“Heart of a Tiger” by Herschel Cobb is a book about the summers spent by the author with his grandfather Ty Cobb at his home in Lake Tahoe in the 1950s and 1960s. The purpose of the book was to give another viewpoint of Ty Cobb, one of the greatest baseball players to ever play the game. With a major league record career batting average of .367 the Hall of Famer spent 24 seasons in the major league, mostly with the Tigers, retiring in 1928. Ty was know for his tough, mean-spirited play, keeping his spikes high as he came into bases. However, the book describes Herschel being shown Ty’s legs which were badly scarred by infielders cleating him for stealing so many bases. Ty claimed he had to have his cleats high as a defense and the game was played like that in the early days.

Ty’s hyper-competitive ways and hostile temper (attributed by Cobb to his abuse by veteran players early on jealous of the young prospect) made him unpopular among many of his fellow players although he had many good friends. He also had a drinking problem and these combined to give Ty a reputation as a disreputable person among some, although greatly respected for his baseball talent.

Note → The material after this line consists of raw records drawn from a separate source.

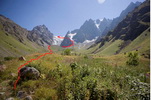 Фото 55 Путь к перевалу Курмычи, за холмом ночевка на озере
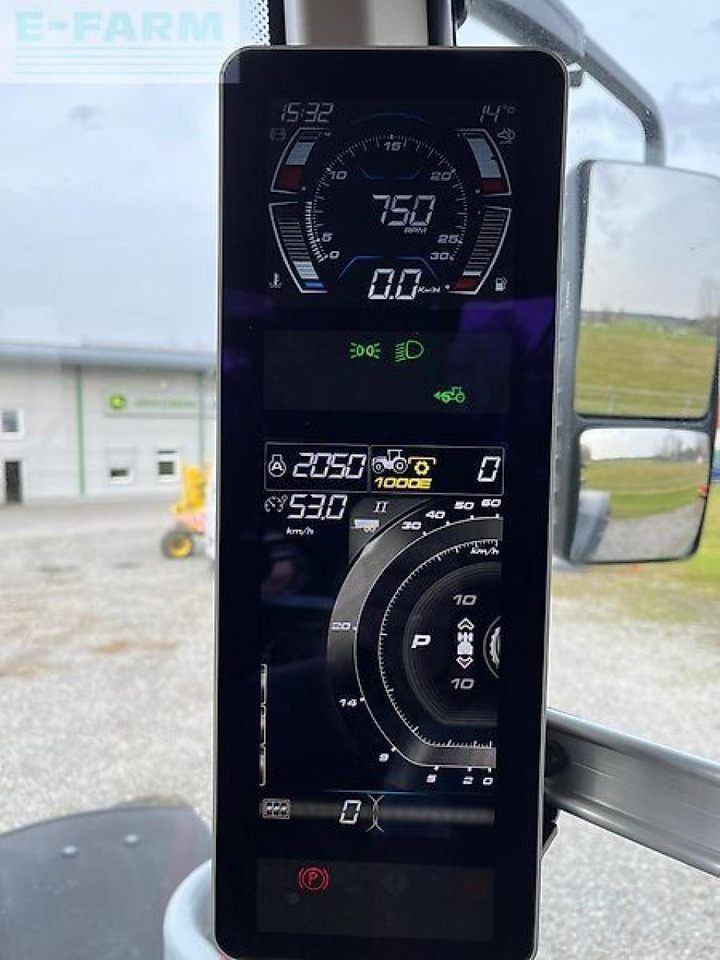 Τρακτέρ Massey Ferguson 8s.265: φωτογραφία 11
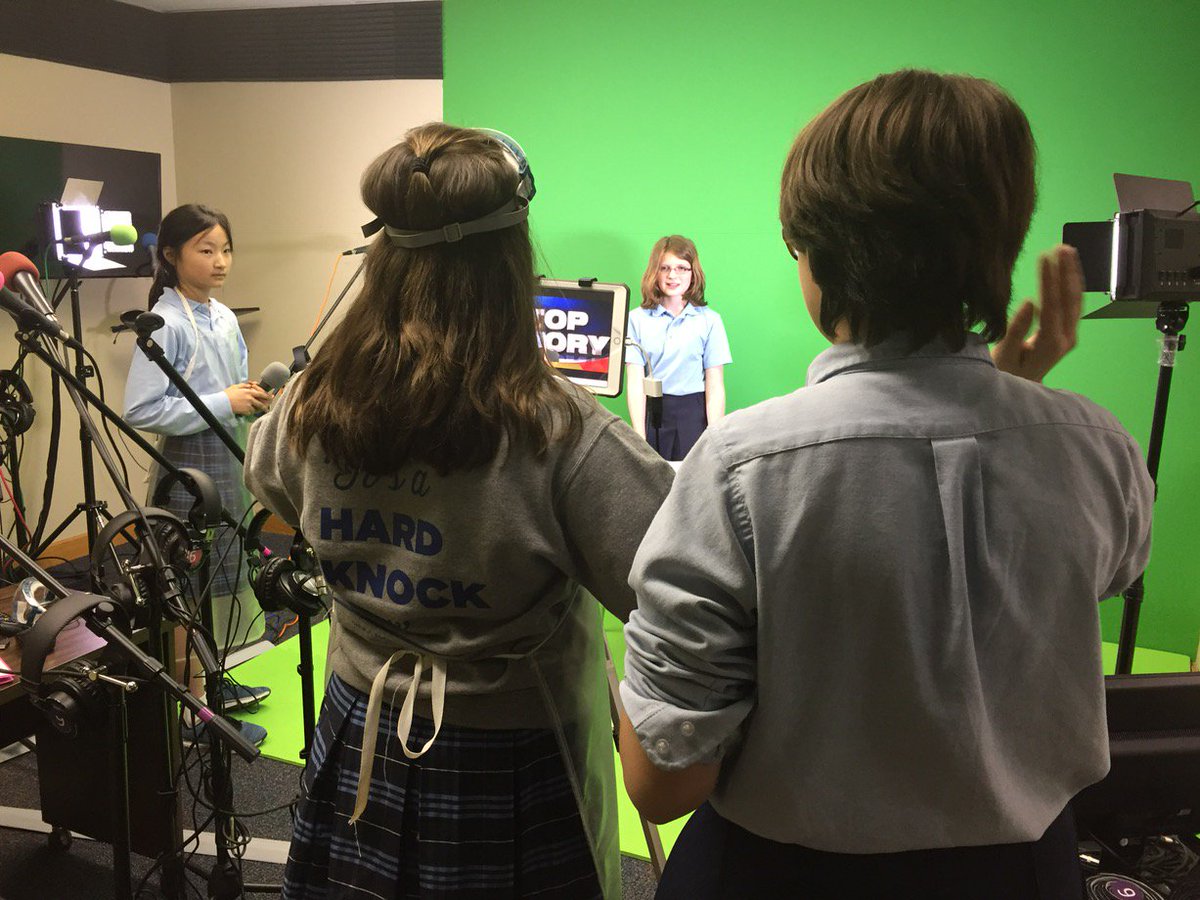 GPS_MSDOS's tweet image. 6th grade Science, using the green screen. #GPStech #herestothegirls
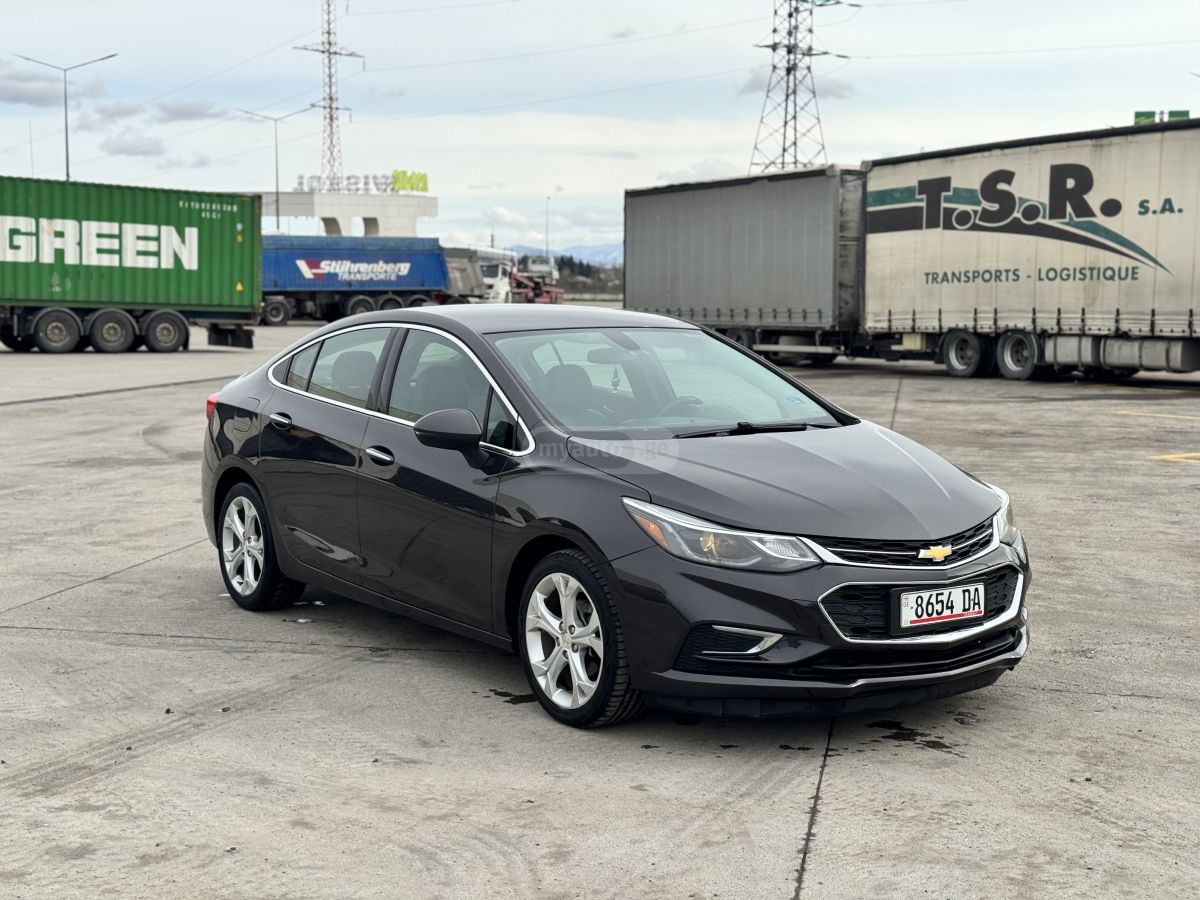 Chevrolet Cruze - фото 5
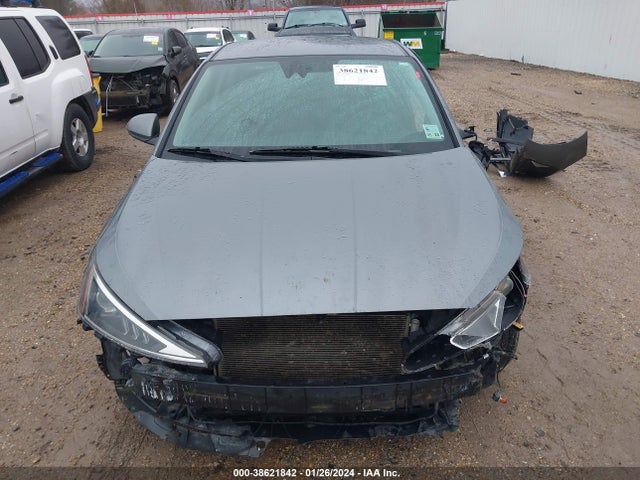 Hyundai ELANTRA SEL 2019 5NPD84LF2KH424187 Image 13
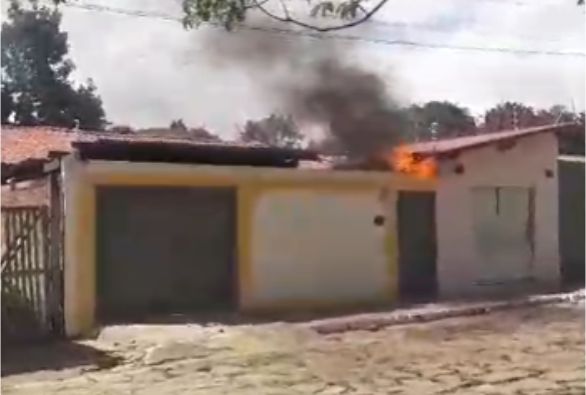 Filho ateia fogo na casa da mãe em Rio de Contas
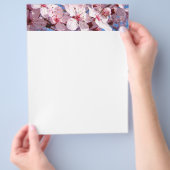 春チラシ紙ピンクツリーフラズブルースカイ チラシ (手)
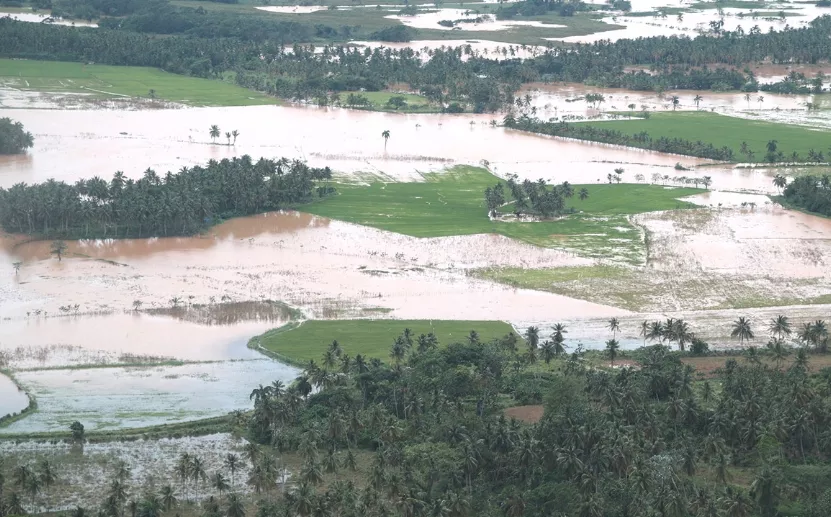 El canal utiliza  200 millones de litros de agua dulce.
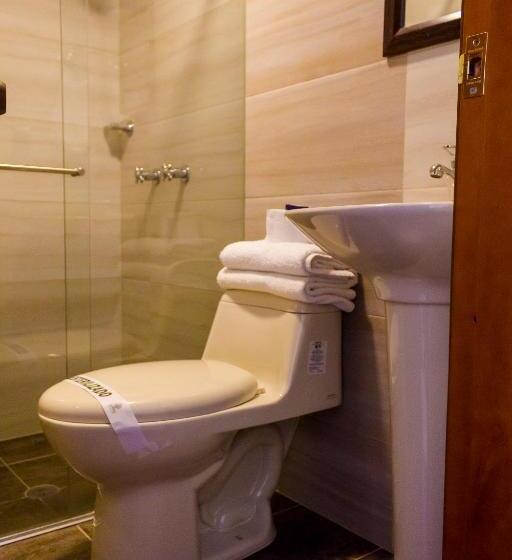 标准间, Lb   Los Balsos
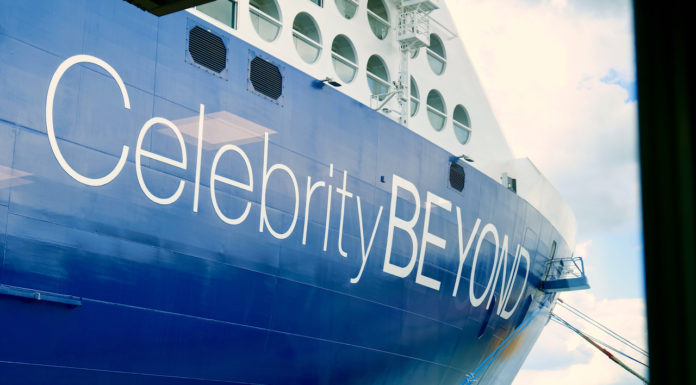 Celebrity Goes Above & Beyond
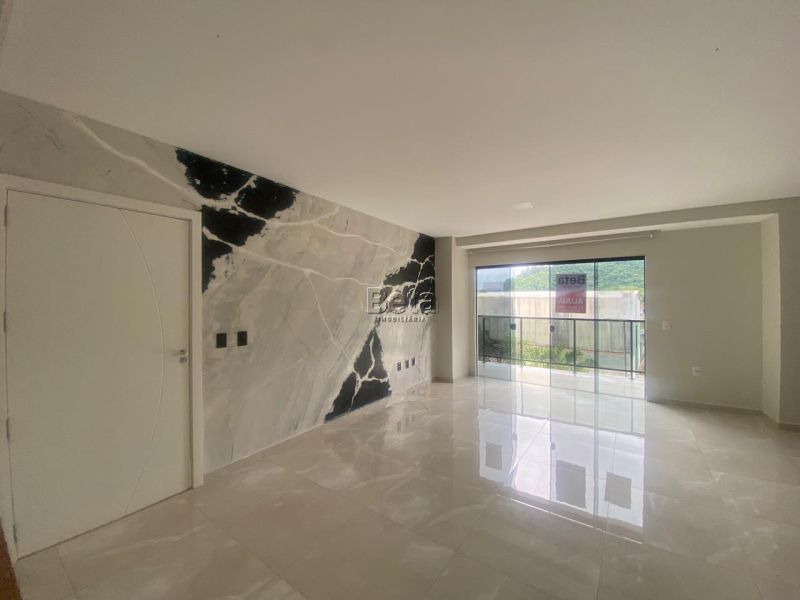 Casa 3 quartos  no bairro Barra Do Rio Molha em Jaragua Do Sul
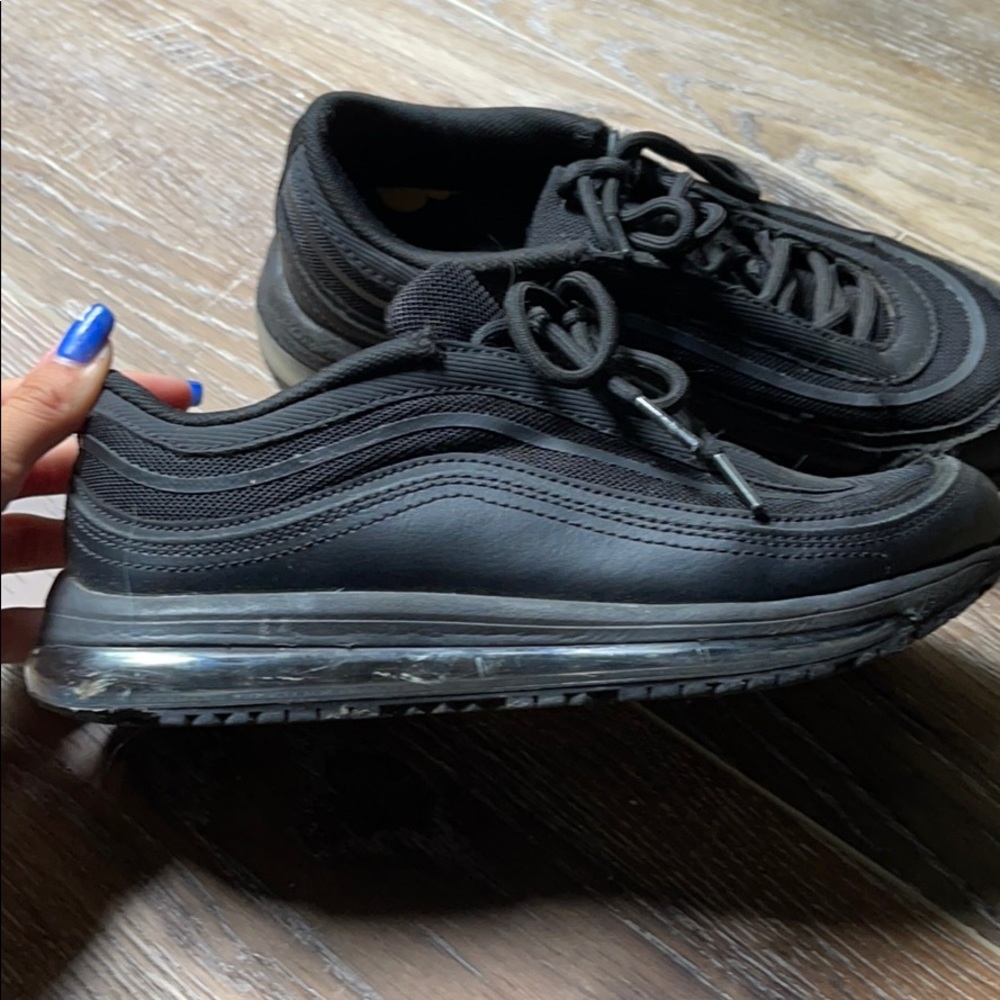 Used/Well Worn Black Tredsafe Work shoes size 6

Herschel paints a different picture of his grandfather. Herschel had been raised by an emotional and physically abusive Father and indifferent Mother and it was his grandfather’s love and guidance that kept him from mental/emotional problems that might have resulted from the abuse. Along the way we learn of Ty’s generosity by helping old ballplayers who were broke, giving them cash, and how he established and helped fund the Cobb Educational Fund which awarded scholarships to needy Georgia students bound for college. Cobb, from Georgia, had invested heavily in Coca-Cola stock during its early years and this led to a small fortune. Cobb was a loving but demanding Father to his own children, expecting his sons to be exceptional athletes in general and baseball players in particular. This led to estrangement between Ty and his sons and he seemed to have much regret over the mistakes he had made with them which led to his more loving embrace of his grandchildren.

The book presents both sides of Ty, the loving grandfather and glimpses that Ty occasionally shows of his less attractive side. The book does have too much information on mundane details of Herschel’s time at the lake and pretty much the whole first half of the book is more about Herschel than Ty, setting up his abuse to contrast it later with his loving grandfather. This make it a slow read through the first half. The second half gets more into Ty and unique glimpses into his character. There is Ty’s view on base running (he has the fourth most steals in baseball history), his relationship with Babe Ruth, the players who he thought were the best players and which players were his friends or foes. One touching episode shows Herschel helping Ty carefully and generously sending signed autographed pictures and balls to many little leaguers that requested them. Throughout his hatred of losing and competitiveness comes through. At the same time Ty teaches his grandchildren lessons of trust, humility, inner-strength and love.

While not a biography, this is an important book on the great Ty Cobb that will be enjoyed by anyone with an interest in Ty or baseball.